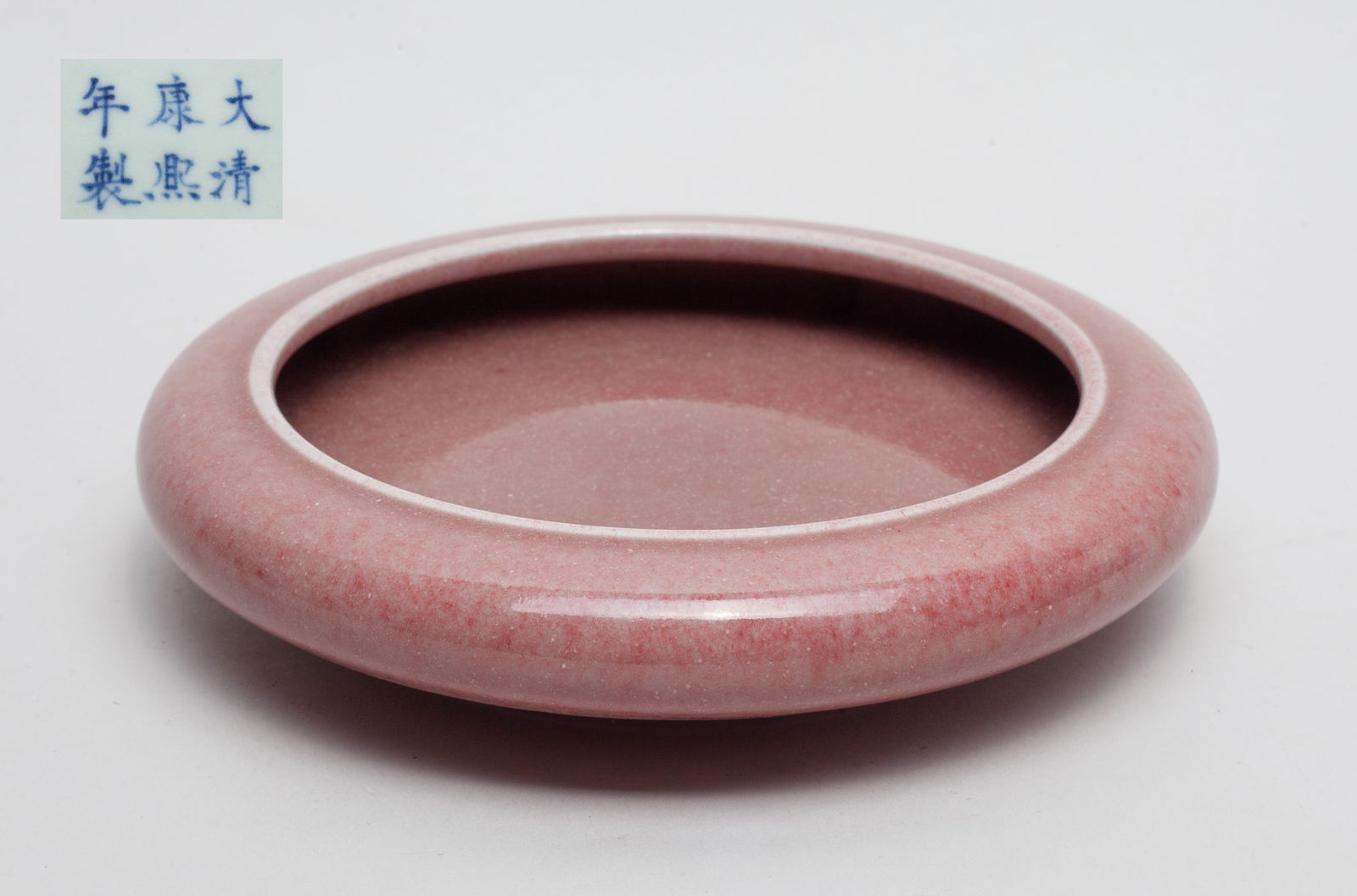Chinese Porcelain Brush Washer: Of shallow circular section, covered inside and out in soft copper-red glaze, the bottom marked with six characters on white ground. Approx. 6inch D.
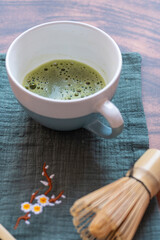 Cup of matcha tea with bamboo whisk on placemat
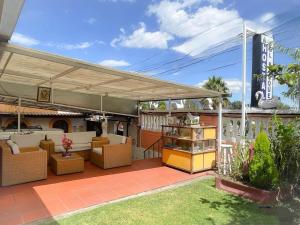 a patio with awning and chairs and tables at Hostería Real Parque Tababela in Tababela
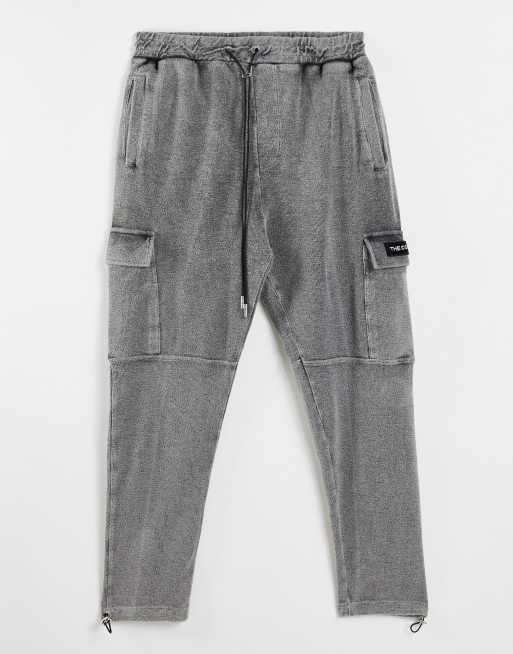 The Couture Club - Cargobroek van omgekeerde loopbackstof in zwart met acid wash
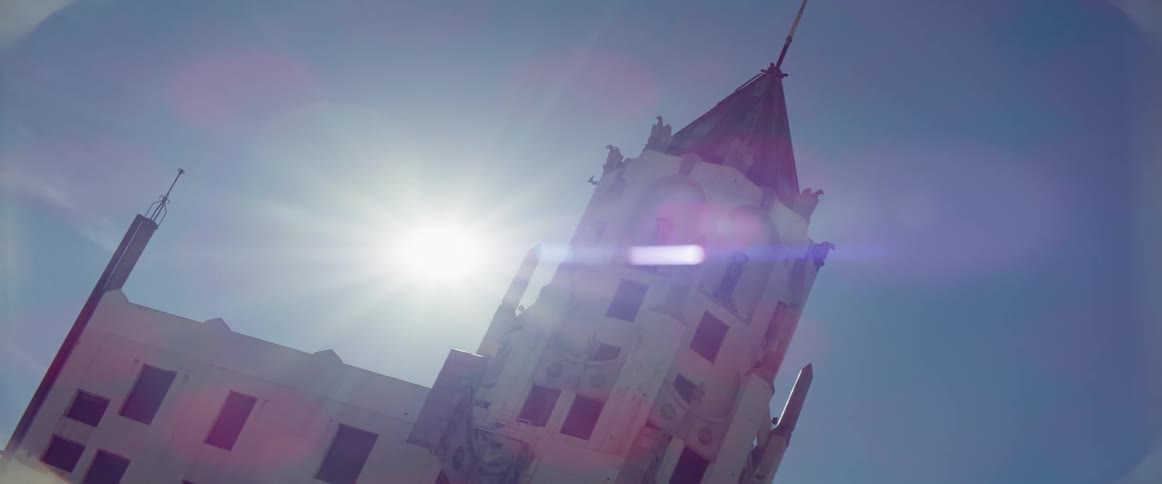The sun is shining above the church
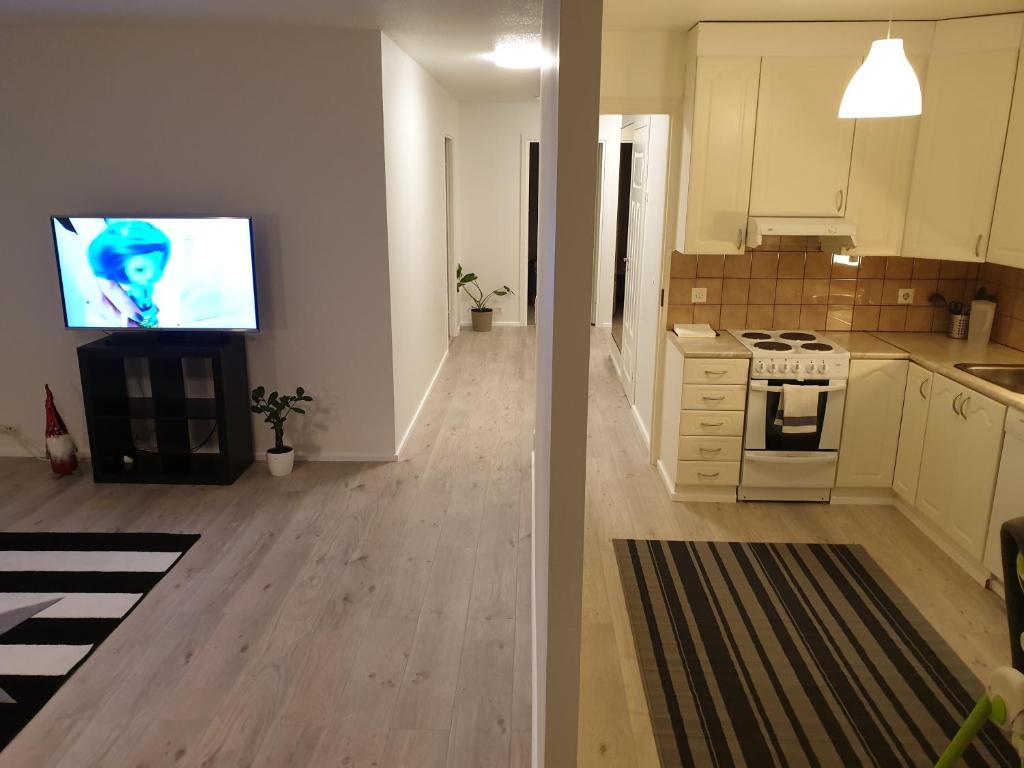 a kitchen and a living room with a tv in it at Easy and short from the airport in Helsinki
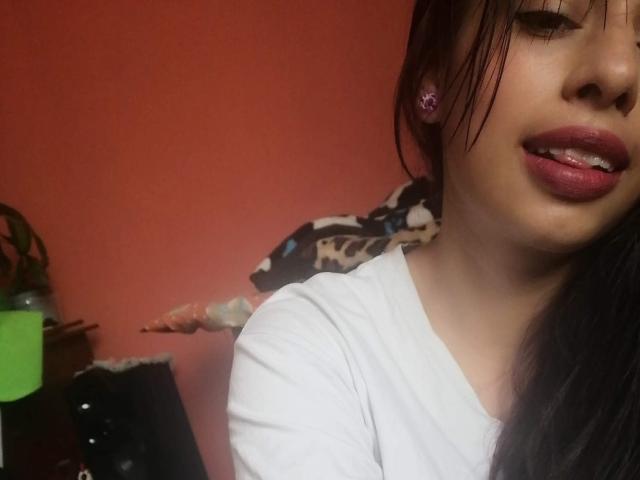 RouseParker's face, showing dark lipstick and slightly open mouth, wearing a white shirt, with long black hair and pink earrings, in a red-walled room.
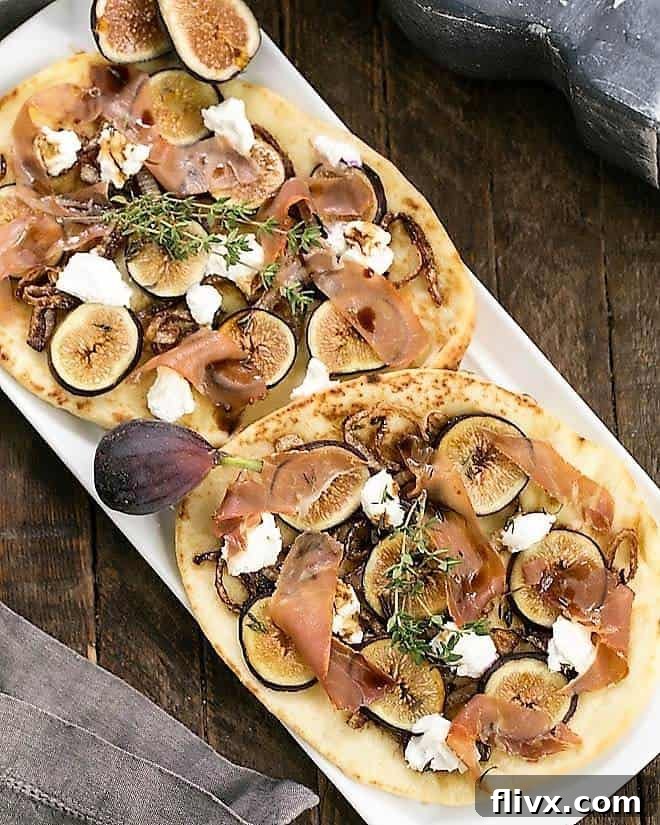 A stunning Fig, Goat Cheese and Prosciutto Pizza served on a white platter, garnished with fresh figs and thyme.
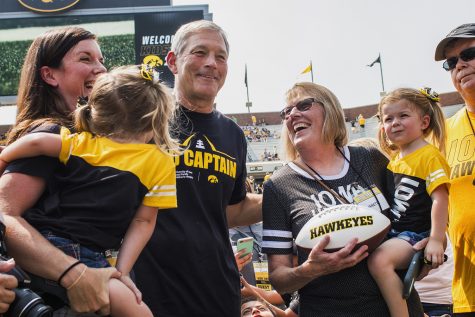 Iowa head coach Kirk Ferentz laughs with the Still family during Iowa Football Kids Day at Kinnick Stadium on Saturday, Aug. 11, 2018.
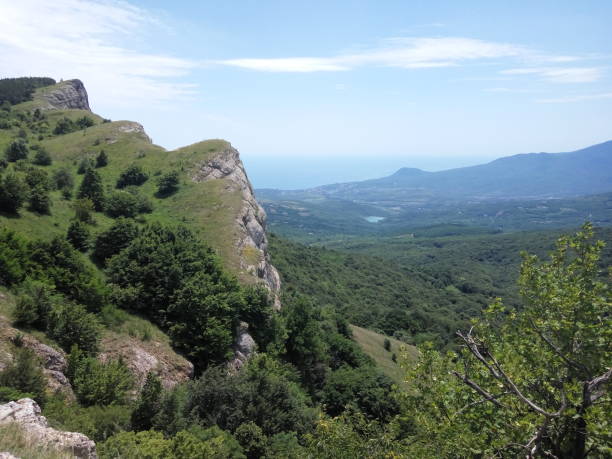 istock mountains overlooking the sea and the village 981907142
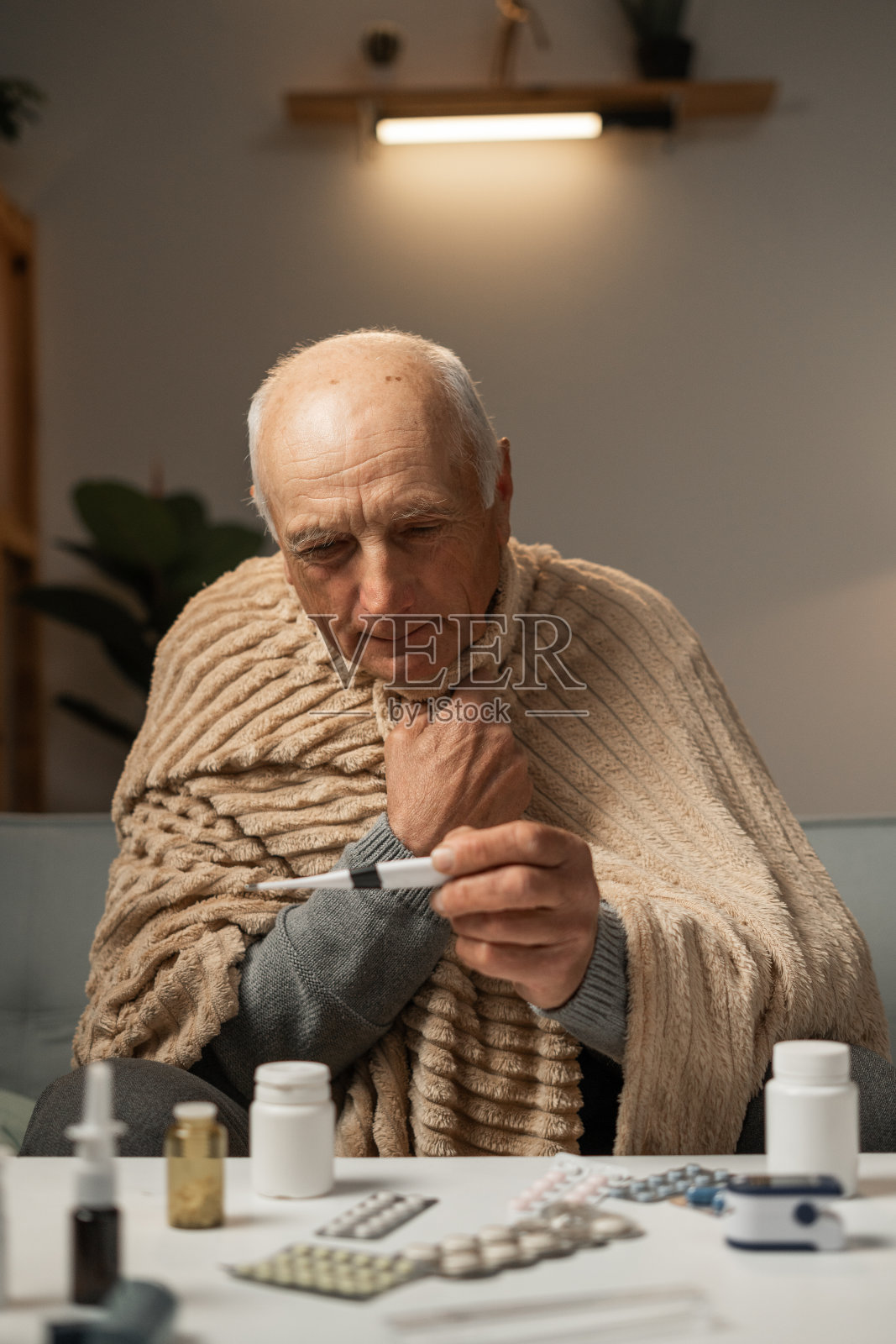 人用温度计测体温。他有病毒性流感的症状服用药片照片摄影图片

▶ **TASK ITEM**
Give back the material word for word, without images.

▶ **ANSWER FOR THE TASK**
Chinese Porcelain Brush Washer: Of shallow circular section, covered inside and out in soft copper-red glaze, the bottom marked with six characters on white ground. Approx. 6inch D.
 Cup of matcha tea with bamboo whisk on placemat
 a patio with awning and chairs and tables at Hostería Real Parque Tababela in Tababela
 The Couture Club - Cargobroek van omgekeerde loopbackstof in zwart met acid wash
The sun is shining above the church
 a kitchen and a living room with a tv in it at Easy and short from the airport in Helsinki
 RouseParker's face, showing dark lipstick and slightly open mouth, wearing a white shirt, with long black hair and pink earrings, in a red-walled room.
 A stunning Fig, Goat Cheese and Prosciutto Pizza served on a white platter, garnished with fresh figs and thyme.
 Iowa head coach Kirk Ferentz laughs with the Still family during Iowa Football Kids Day at Kinnick Stadium on Saturday, Aug. 11, 2018.
 istock mountains overlooking the sea and the village 981907142
 人用温度计测体温。他有病毒性流感的症状服用药片照片摄影图片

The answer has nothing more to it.